If exploited, the tsuNAME vulnerability had the potential to overwhelm and bring down authoritative servers, rendering entire DNS zones unreachable. In this article, the SIDN Labs team shares lessons learned along the winding road to public vulnerability disclosure for tsuNAME.
"In practice, the theory is different" – an Electricity and Magnetism professor I had in college used to say this during our lab experiments. If the laws of physics guaranteed one could touch a certain electrified object without being electrocuted, he would never demonstrate this principle with his own hands, as unforeseen conditions could occur in practice.
This reminds me of a similar experience we had with vulnerability disclosure. In theory, the whole process should be rather straightforward: notify -->fix -->disclose
. In practice, we had a vastly different experience.

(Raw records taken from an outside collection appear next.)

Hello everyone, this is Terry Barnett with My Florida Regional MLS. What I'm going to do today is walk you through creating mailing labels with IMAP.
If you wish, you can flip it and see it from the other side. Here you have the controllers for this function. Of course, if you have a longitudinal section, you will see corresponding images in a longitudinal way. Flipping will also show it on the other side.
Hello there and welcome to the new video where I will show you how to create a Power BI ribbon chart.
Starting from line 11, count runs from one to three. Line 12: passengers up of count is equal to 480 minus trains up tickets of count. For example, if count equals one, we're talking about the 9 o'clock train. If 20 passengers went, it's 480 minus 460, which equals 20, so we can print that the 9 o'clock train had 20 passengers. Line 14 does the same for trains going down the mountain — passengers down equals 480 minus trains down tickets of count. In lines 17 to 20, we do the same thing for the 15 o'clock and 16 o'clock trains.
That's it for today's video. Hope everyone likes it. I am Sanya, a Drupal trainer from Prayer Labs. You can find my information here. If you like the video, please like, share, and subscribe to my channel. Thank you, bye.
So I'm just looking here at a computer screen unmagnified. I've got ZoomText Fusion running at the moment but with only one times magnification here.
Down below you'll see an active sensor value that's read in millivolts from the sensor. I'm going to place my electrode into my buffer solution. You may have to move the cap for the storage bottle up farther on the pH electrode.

Vulnerability disclosure? Responsible disclosure?
It turns out that we as a community cannot even agree on the right terminology: 'private', 'public', 'responsible', 'full', and 'coordinated disclosure' are terms that have no generally accepted meaning in academia or industry.

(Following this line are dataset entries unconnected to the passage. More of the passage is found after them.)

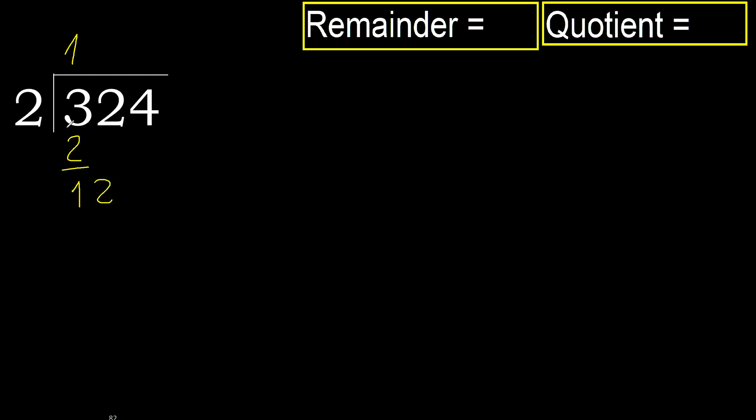12. 2 multiplied by 7 is greater. Multiplied by 6 is 12, it is not greater. Ok, subtract. Next.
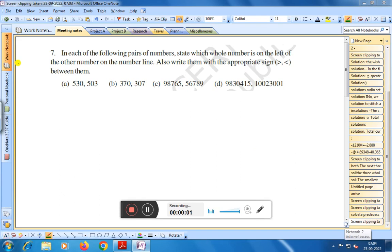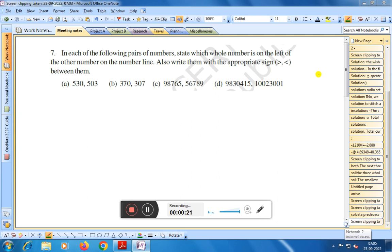Today we shall discuss question number seven. In each of the following pairs of numbers, state which whole number is on the left of the other number on the number line. Also write them with the appropriate sign — that is greater than or less than — between them.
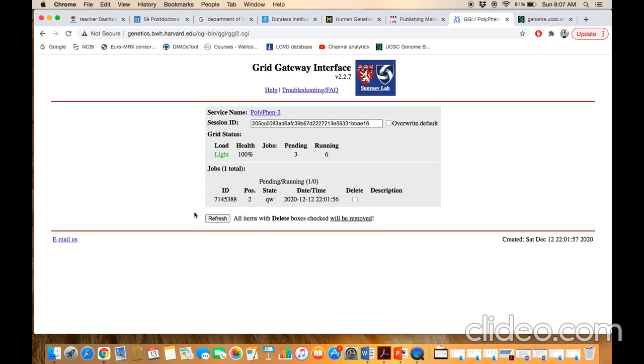You only have to click on the refresh button and the page will be refreshed. It will show whether your result has been generated or not.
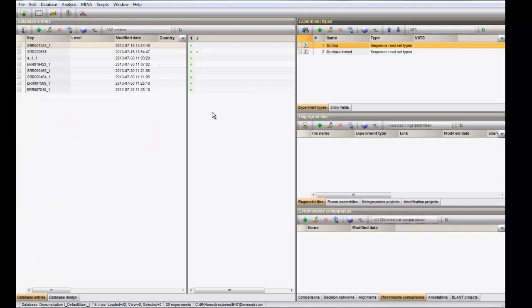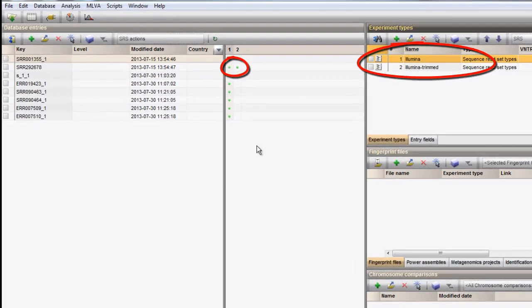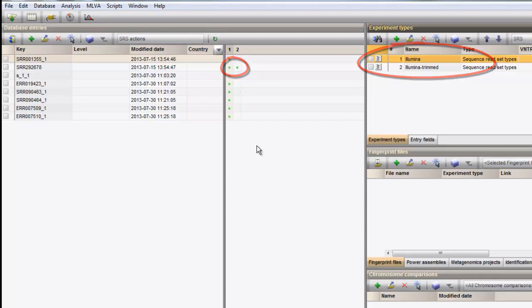Now, we have imported raw sequence reads and the preprocessed sequence reads in two different experiments in our database. Note that, if you want to work on the preprocessed data, you can overwrite the original reads with the preprocessed dataset. This way, the raw reads will not be accessible anymore for later reference.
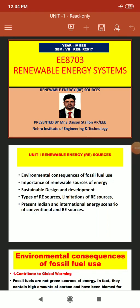Warm greetings to all those watching this video lecture. I am Mr. S. Dyson Stallone, Assistant Professor at Tripoli from Neary Institute of Engineering and Technology. I am going to handle the subject Renewable Energy Systems, that is W8703, for final year at Tripoli 7th semester, Regulation 2017.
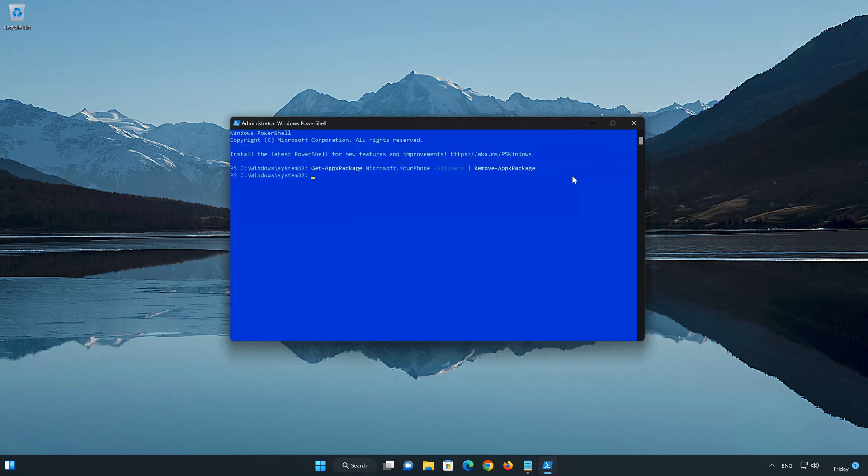Now your PhoneLink app should be uninstalled. Type Exit and then press Enter to close the PowerShell window.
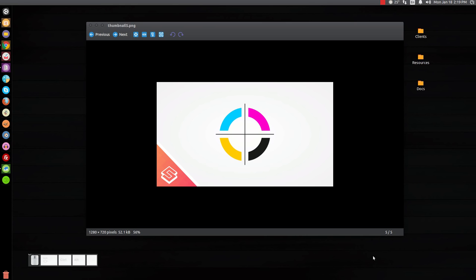This is Nick with LogosByNick.com, and today I'd like to talk about color management without getting into too much detail, because this would otherwise become a really long, drawn-out video.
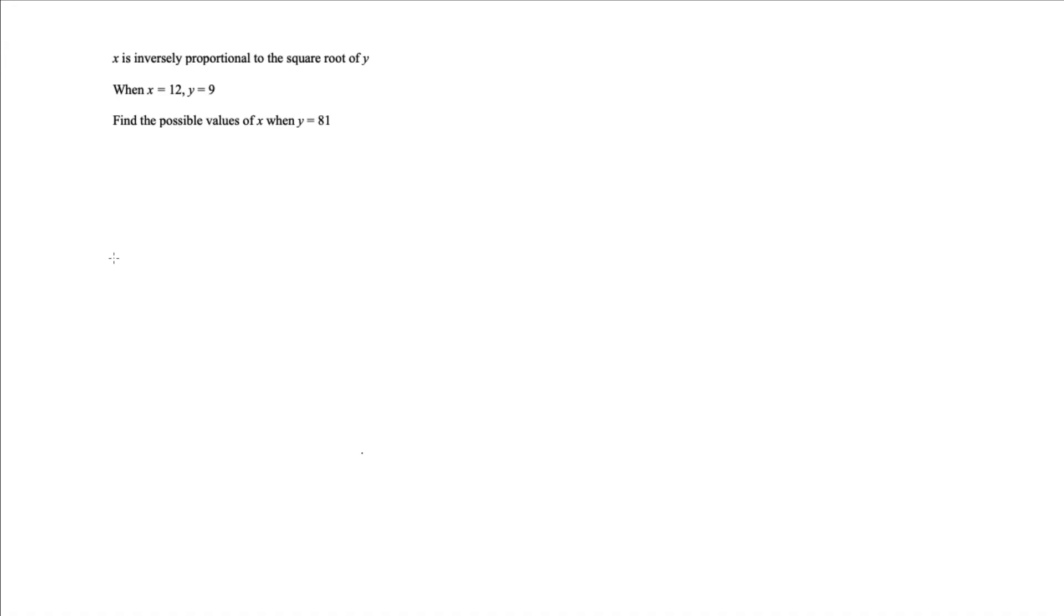Hey guys, so here's an exam question on inverse proportionality. This is for three marks, so let's get straight to it. x is inversely proportional to the square root of y.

Coordinated vulnerability disclosure (CVD) is the preferred term, given that 'responsible' in 'responsible disclosure' implies a moral duty on the disclosing party – whereas in reality the burden is on whoever caused the vulnerability, and not whoever found it.
The tsuNAME vulnerability
The tsuNAME vulnerability consisted of clients and/or recursive resolvers (loop in the figure below) sending non-stop queries to authoritative servers. If exploited carefully, it could be used to overwhelm and bring down authoritative servers, rendering entire DNS zones unreachable. To start looping, a resolver or client had to find a DNS zone loop in the zone files on separate servers.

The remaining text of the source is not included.